Right now as I sit and type these words, I'm struck by some hard, candid questions: Am I really about the consumption of the Father's glory in my personal sojourn? Is it my genuine desire to bring Him glory, every minute of every day? Do I want to operate at all times according to His Word and ways and indwelling voice? Or, do I desire to bring Him glory, of course, but just on my own terms in ways I prefer? Can I honestly say that I'm more concerned about a consuming—yes, even radical—pervasiveness of God's glory in my own life than I am earthly comfort and contentment and temporary gain? So difficult, yet so pressing and necessary, are these confrontational questions that I can't escape from asking myself in this contemplative moment.
Fellow sojourner, if we want to truly live life like our Lord lived His—which should be our aim for this one life we've been gifted—then you and I, every single day, must confront ourselves with this question:
Your eternal glory, Father, or my temporary, earthly gain?

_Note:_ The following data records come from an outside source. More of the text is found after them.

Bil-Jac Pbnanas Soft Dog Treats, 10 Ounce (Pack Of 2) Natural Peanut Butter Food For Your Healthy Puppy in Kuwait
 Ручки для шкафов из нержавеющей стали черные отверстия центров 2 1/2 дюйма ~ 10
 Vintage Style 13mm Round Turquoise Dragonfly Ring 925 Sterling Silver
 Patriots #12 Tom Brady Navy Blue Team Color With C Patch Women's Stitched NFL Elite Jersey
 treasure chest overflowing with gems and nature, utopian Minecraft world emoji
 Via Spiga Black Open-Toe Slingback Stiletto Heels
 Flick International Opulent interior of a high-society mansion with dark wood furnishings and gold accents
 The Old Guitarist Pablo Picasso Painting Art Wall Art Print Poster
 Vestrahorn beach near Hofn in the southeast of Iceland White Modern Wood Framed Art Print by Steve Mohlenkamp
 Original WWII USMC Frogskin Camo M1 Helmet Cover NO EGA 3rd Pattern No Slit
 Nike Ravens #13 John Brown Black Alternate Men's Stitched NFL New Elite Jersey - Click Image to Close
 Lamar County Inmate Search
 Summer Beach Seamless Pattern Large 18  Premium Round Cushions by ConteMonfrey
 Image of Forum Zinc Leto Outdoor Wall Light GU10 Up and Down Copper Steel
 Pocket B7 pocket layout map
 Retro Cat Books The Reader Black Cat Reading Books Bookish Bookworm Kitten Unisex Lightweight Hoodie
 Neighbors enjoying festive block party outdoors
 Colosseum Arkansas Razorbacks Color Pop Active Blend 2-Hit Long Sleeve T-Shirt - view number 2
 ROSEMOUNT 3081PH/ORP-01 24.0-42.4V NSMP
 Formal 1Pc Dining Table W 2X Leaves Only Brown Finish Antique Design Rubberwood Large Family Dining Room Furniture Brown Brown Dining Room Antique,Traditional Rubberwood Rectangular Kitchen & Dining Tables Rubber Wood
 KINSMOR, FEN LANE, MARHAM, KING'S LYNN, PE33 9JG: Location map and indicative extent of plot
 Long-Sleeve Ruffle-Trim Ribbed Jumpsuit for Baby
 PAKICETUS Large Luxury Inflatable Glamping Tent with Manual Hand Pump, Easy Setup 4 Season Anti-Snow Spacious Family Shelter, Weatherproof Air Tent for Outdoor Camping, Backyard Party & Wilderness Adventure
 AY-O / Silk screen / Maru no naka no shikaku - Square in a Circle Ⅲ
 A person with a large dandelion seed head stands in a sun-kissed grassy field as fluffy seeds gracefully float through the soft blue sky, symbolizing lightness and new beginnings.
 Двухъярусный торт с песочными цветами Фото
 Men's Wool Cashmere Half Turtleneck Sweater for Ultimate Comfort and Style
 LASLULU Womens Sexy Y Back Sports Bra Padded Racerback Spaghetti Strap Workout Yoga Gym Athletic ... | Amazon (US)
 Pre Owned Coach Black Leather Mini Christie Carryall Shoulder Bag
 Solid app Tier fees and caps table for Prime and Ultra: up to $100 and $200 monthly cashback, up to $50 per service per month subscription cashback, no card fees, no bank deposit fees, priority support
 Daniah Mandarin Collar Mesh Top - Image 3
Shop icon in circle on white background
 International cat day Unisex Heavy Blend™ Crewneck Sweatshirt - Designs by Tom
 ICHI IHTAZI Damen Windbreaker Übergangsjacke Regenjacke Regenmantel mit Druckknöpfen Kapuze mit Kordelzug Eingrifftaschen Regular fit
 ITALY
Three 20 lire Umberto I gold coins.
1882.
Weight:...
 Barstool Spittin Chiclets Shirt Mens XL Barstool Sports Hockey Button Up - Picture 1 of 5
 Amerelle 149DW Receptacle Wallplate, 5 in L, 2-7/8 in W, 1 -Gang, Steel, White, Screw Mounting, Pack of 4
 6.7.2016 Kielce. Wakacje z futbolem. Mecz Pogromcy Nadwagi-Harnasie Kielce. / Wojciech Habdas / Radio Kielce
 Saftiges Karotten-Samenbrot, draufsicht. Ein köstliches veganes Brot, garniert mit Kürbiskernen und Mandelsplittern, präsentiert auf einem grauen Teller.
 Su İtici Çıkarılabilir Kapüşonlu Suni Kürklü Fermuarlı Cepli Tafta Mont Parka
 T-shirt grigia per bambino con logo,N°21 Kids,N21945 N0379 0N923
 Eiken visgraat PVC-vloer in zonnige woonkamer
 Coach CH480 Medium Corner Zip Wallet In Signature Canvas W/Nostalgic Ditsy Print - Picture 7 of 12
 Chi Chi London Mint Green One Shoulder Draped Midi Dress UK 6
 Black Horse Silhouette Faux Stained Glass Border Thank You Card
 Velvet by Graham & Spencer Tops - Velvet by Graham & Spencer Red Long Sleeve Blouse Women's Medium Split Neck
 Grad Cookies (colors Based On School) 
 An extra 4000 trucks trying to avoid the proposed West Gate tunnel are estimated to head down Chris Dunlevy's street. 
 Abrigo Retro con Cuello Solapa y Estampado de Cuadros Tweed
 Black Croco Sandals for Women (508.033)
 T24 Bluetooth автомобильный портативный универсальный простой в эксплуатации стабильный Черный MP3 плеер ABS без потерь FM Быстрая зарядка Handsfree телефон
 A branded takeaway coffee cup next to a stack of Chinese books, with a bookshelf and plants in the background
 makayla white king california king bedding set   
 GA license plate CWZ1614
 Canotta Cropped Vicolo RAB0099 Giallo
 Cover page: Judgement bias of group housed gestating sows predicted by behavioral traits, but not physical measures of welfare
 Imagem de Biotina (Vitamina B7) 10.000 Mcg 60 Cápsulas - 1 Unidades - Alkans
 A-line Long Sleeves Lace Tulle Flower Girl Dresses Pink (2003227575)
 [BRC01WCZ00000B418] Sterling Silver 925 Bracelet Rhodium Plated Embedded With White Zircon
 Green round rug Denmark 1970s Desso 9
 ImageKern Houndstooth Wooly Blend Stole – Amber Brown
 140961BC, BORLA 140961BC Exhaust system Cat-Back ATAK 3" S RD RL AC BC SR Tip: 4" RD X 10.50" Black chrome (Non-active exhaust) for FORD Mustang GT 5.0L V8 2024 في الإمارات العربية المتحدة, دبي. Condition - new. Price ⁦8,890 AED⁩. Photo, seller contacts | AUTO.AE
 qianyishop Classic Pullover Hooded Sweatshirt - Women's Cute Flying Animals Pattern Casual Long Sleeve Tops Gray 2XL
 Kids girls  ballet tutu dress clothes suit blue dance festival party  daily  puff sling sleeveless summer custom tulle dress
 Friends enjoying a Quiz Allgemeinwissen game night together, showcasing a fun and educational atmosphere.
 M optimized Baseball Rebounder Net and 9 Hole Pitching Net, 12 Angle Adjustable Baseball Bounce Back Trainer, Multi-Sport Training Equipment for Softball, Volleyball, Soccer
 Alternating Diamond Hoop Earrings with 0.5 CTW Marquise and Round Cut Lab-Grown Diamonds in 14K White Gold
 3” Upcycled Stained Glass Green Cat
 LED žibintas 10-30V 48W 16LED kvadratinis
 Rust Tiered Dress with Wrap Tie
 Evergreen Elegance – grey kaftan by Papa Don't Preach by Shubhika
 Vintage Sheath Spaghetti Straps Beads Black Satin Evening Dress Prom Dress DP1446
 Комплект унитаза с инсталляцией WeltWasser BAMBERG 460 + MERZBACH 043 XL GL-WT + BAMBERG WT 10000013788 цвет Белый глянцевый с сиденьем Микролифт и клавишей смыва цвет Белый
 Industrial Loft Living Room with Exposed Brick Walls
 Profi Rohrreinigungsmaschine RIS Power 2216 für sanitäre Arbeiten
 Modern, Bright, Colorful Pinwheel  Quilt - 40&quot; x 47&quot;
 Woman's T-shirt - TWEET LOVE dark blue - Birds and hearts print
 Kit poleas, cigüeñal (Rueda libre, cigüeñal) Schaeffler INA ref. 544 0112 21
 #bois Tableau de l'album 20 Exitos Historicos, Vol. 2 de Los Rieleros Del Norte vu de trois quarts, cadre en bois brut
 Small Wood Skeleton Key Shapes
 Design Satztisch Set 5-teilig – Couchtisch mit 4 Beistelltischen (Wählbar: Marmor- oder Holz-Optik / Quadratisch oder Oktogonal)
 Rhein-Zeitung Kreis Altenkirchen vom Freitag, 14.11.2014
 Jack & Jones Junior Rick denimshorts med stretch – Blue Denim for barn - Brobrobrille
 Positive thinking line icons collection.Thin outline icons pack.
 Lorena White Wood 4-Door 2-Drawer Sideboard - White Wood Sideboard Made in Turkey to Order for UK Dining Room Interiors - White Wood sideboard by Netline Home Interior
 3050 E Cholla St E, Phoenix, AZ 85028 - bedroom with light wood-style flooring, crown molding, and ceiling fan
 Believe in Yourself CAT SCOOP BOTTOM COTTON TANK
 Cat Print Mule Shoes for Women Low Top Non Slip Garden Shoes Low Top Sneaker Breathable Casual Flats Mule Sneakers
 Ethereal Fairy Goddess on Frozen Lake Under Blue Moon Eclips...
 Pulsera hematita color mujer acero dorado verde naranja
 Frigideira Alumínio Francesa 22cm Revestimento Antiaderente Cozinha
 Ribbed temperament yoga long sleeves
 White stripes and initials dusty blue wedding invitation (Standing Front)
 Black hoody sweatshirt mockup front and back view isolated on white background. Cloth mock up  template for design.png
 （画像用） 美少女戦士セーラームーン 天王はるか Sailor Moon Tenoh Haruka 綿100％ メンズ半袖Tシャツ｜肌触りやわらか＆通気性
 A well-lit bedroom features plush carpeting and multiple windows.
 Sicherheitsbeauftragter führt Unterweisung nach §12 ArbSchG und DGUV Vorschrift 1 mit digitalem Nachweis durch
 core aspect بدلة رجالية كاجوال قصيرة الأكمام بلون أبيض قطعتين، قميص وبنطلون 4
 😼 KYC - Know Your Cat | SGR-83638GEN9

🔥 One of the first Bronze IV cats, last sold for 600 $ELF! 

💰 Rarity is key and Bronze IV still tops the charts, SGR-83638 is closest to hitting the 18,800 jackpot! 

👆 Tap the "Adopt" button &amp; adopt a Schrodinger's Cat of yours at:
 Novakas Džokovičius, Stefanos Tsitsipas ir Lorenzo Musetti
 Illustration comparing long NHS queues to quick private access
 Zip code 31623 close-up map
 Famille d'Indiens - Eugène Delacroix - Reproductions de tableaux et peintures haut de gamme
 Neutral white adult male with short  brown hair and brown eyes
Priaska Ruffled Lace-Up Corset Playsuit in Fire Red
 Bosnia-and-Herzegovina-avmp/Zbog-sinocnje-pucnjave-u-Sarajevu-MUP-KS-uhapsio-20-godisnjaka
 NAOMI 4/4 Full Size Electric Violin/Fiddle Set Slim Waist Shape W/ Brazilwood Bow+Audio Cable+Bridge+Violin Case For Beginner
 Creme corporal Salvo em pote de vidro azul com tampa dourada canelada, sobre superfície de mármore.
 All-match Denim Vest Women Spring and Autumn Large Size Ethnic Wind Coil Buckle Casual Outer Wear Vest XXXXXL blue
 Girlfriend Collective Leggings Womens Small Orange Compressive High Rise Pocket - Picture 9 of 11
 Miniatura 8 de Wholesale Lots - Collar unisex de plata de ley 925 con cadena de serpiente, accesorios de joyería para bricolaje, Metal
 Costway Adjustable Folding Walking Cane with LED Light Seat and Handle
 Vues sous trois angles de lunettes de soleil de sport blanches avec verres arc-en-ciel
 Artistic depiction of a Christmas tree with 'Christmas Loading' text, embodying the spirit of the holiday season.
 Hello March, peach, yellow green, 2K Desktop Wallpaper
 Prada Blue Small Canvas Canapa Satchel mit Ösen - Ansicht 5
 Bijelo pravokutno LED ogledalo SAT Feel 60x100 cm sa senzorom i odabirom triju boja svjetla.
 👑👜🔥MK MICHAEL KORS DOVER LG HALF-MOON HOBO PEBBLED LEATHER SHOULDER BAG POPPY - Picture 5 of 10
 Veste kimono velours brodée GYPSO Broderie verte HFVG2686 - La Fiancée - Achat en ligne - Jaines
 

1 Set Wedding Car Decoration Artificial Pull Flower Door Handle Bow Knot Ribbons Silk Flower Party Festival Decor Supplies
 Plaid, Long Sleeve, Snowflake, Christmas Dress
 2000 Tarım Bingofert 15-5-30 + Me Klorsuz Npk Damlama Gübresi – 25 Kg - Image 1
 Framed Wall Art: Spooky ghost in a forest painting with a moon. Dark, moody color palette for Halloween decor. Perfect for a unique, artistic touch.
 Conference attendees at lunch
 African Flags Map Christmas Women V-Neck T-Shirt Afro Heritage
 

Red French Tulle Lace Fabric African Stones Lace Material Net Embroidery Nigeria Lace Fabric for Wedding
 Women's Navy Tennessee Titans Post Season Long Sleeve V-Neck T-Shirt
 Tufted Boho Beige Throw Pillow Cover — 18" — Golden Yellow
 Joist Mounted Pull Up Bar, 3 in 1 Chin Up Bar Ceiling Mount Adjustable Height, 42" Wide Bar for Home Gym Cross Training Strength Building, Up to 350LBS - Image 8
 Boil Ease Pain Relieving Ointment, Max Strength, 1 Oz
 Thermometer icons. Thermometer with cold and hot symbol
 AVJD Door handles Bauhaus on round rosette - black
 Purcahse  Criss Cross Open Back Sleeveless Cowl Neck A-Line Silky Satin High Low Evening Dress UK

Yes, a hard question to ask and a harder question to honestly answer. But I believe it's the warp and woof query of whether, despite sacrifice of self's motivations and agenda, we desire—or really don't—to daily live as a surrendered disciple in authentic engagement and partnership with the person of Christ and the Gospel's proclamation, or merely a blessed Christian recipient on his or her way to Heaven.